[[ Data listing, beginning ]]

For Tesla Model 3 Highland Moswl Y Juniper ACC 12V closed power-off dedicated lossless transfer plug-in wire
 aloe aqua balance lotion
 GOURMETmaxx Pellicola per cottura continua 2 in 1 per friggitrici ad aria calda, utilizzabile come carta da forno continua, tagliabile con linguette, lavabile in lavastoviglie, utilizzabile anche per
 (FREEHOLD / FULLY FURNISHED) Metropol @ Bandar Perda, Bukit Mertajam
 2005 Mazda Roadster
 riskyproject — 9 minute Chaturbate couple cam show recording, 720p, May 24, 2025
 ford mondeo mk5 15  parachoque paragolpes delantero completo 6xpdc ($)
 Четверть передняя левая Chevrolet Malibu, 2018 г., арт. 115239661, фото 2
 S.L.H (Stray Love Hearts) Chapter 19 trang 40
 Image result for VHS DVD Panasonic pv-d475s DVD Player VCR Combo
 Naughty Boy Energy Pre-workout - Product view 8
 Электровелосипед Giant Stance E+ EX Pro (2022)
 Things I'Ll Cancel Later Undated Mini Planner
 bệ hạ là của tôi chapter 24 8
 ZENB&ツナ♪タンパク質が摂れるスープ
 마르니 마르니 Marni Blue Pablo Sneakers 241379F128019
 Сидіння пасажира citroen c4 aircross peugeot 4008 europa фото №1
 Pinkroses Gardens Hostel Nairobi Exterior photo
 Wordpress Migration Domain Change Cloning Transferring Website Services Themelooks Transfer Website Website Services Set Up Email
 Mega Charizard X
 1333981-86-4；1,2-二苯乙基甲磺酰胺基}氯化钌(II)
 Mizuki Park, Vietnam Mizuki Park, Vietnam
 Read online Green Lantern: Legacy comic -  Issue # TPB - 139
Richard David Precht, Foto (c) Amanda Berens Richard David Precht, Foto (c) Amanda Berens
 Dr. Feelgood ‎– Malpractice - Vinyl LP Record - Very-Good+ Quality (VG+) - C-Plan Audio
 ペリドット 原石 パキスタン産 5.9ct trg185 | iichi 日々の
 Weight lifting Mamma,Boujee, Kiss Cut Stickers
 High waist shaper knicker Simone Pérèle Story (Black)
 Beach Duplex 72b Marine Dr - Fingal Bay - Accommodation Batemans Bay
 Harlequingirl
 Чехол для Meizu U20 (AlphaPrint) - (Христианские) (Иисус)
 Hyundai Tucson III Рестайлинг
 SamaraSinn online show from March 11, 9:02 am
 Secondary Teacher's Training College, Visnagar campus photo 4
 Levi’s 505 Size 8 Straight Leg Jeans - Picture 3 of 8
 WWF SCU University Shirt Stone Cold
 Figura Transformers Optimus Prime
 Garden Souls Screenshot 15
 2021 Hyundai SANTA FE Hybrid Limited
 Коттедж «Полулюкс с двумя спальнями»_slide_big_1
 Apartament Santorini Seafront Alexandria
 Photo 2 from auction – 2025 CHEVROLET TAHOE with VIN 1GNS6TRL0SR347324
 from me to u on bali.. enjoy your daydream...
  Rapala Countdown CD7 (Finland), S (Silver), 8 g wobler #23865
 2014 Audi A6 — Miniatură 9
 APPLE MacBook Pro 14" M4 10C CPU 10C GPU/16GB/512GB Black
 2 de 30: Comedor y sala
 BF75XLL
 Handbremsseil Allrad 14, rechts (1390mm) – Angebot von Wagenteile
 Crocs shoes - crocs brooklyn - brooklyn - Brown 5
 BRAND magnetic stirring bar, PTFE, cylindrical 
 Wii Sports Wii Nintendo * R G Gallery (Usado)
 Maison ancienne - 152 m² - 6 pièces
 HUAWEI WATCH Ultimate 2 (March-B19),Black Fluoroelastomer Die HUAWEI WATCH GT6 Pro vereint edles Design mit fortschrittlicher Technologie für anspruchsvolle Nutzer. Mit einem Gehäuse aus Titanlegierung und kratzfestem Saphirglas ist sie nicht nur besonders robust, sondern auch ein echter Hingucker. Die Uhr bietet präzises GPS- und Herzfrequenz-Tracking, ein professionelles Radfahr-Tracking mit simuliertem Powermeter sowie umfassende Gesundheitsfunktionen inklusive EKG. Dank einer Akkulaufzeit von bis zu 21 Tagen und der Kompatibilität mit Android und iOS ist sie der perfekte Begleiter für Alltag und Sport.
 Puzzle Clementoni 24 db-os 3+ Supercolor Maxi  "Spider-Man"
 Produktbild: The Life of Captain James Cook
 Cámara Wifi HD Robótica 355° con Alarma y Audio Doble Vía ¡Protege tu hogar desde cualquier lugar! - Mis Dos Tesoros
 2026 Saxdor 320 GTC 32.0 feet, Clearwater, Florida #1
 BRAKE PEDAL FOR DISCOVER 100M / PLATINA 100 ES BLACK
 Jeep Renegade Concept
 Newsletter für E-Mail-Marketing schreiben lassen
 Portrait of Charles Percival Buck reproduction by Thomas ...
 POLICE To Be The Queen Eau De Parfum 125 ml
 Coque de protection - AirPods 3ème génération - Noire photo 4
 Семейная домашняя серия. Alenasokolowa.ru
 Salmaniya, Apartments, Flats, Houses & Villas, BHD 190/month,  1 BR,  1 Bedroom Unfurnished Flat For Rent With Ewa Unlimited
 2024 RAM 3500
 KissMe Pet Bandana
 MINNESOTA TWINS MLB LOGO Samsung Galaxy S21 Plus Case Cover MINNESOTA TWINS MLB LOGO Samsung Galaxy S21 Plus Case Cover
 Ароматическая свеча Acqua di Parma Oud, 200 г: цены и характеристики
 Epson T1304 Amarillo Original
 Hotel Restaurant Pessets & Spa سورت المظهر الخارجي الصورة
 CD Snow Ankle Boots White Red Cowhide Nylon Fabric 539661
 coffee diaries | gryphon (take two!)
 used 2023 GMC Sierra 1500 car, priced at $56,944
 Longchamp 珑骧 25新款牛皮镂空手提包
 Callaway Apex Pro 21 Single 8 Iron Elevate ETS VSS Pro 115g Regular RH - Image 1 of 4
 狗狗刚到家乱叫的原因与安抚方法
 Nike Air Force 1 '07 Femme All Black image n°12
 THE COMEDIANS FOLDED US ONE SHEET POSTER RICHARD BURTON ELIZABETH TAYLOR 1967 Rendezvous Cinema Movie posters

[[ Data listing, end ]]

### Instructions for the task
Return each line from the material that includes the string "online".

### Answer
 Read online Green Lantern: Legacy comic -  Issue # TPB - 139
 SamaraSinn online show from March 11, 9:02 am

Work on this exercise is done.